━━━━━ RECORD EXCERPTS

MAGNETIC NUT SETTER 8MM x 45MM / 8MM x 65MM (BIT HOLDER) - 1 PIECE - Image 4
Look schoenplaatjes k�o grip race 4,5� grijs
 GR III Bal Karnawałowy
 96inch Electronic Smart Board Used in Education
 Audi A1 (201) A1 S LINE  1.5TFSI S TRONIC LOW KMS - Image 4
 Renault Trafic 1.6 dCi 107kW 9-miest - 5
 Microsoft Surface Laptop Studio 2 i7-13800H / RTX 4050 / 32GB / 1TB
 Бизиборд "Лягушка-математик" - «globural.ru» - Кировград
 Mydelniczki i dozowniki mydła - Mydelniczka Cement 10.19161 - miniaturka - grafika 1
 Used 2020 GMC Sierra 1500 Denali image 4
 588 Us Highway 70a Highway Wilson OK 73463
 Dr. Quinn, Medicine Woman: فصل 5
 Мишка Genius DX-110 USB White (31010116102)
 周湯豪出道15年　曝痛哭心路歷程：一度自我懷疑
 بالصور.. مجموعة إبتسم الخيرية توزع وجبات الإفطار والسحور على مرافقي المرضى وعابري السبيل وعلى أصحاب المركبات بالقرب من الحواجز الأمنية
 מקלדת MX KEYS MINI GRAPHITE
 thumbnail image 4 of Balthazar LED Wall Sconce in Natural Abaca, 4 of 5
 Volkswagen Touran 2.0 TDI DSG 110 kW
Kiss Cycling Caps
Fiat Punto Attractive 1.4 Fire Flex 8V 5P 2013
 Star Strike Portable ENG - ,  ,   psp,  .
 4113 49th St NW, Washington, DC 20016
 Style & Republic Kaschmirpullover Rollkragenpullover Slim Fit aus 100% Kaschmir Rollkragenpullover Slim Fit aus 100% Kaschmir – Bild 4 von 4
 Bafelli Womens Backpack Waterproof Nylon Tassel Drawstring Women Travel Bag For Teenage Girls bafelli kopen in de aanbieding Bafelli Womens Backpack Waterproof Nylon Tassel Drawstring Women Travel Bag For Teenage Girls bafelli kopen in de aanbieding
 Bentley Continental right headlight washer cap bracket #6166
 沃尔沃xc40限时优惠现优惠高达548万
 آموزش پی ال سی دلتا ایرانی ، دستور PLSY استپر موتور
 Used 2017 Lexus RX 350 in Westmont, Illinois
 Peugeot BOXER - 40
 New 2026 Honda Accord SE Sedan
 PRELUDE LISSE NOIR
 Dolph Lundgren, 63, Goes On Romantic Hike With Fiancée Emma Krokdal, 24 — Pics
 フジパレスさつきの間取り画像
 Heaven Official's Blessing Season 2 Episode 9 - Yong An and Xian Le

━━━━━━━━━━

- **THE PROBLEM**
Would you write out all the records exactly as they read?

- **TASK RESULT**
MAGNETIC NUT SETTER 8MM x 45MM / 8MM x 65MM (BIT HOLDER) - 1 PIECE - Image 4
Look schoenplaatjes k�o grip race 4,5� grijs
 GR III Bal Karnawałowy
 96inch Electronic Smart Board Used in Education
 Audi A1 (201) A1 S LINE  1.5TFSI S TRONIC LOW KMS - Image 4
 Renault Trafic 1.6 dCi 107kW 9-miest - 5
 Microsoft Surface Laptop Studio 2 i7-13800H / RTX 4050 / 32GB / 1TB
 Бизиборд "Лягушка-математик" - «globural.ru» - Кировград
 Mydelniczki i dozowniki mydła - Mydelniczka Cement 10.19161 - miniaturka - grafika 1
 Used 2020 GMC Sierra 1500 Denali image 4
 588 Us Highway 70a Highway Wilson OK 73463
 Dr. Quinn, Medicine Woman: فصل 5
 Мишка Genius DX-110 USB White (31010116102)
 周湯豪出道15年　曝痛哭心路歷程：一度自我懷疑
 بالصور.. مجموعة إبتسم الخيرية توزع وجبات الإفطار والسحور على مرافقي المرضى وعابري السبيل وعلى أصحاب المركبات بالقرب من الحواجز الأمنية
 מקלדת MX KEYS MINI GRAPHITE
 thumbnail image 4 of Balthazar LED Wall Sconce in Natural Abaca, 4 of 5
 Volkswagen Touran 2.0 TDI DSG 110 kW
Kiss Cycling Caps
Fiat Punto Attractive 1.4 Fire Flex 8V 5P 2013
 Star Strike Portable ENG - ,  ,   psp,  .
 4113 49th St NW, Washington, DC 20016
 Style & Republic Kaschmirpullover Rollkragenpullover Slim Fit aus 100% Kaschmir Rollkragenpullover Slim Fit aus 100% Kaschmir – Bild 4 von 4
 Bafelli Womens Backpack Waterproof Nylon Tassel Drawstring Women Travel Bag For Teenage Girls bafelli kopen in de aanbieding Bafelli Womens Backpack Waterproof Nylon Tassel Drawstring Women Travel Bag For Teenage Girls bafelli kopen in de aanbieding
 Bentley Continental right headlight washer cap bracket #6166
 沃尔沃xc40限时优惠现优惠高达548万
 آموزش پی ال سی دلتا ایرانی ، دستور PLSY استپر موتور
 Used 2017 Lexus RX 350 in Westmont, Illinois
 Peugeot BOXER - 40
 New 2026 Honda Accord SE Sedan
 PRELUDE LISSE NOIR
 Dolph Lundgren, 63, Goes On Romantic Hike With Fiancée Emma Krokdal, 24 — Pics
 フジパレスさつきの間取り画像
 Heaven Official's Blessing Season 2 Episode 9 - Yong An and Xian Le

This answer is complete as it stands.